*** Opening of Records shown ***
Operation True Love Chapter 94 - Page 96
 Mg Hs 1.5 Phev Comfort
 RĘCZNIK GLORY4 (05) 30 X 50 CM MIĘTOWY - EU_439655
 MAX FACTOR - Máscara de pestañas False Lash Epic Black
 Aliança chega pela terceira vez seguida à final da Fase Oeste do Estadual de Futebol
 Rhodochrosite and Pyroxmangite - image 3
*** Close of Records shown ***
Task description
Please set down all of the data above again, matching it exactly.

Your solution
Operation True Love Chapter 94 - Page 96
 Mg Hs 1.5 Phev Comfort
 RĘCZNIK GLORY4 (05) 30 X 50 CM MIĘTOWY - EU_439655
 MAX FACTOR - Máscara de pestañas False Lash Epic Black
 Aliança chega pela terceira vez seguida à final da Fase Oeste do Estadual de Futebol
 Rhodochrosite and Pyroxmangite - image 3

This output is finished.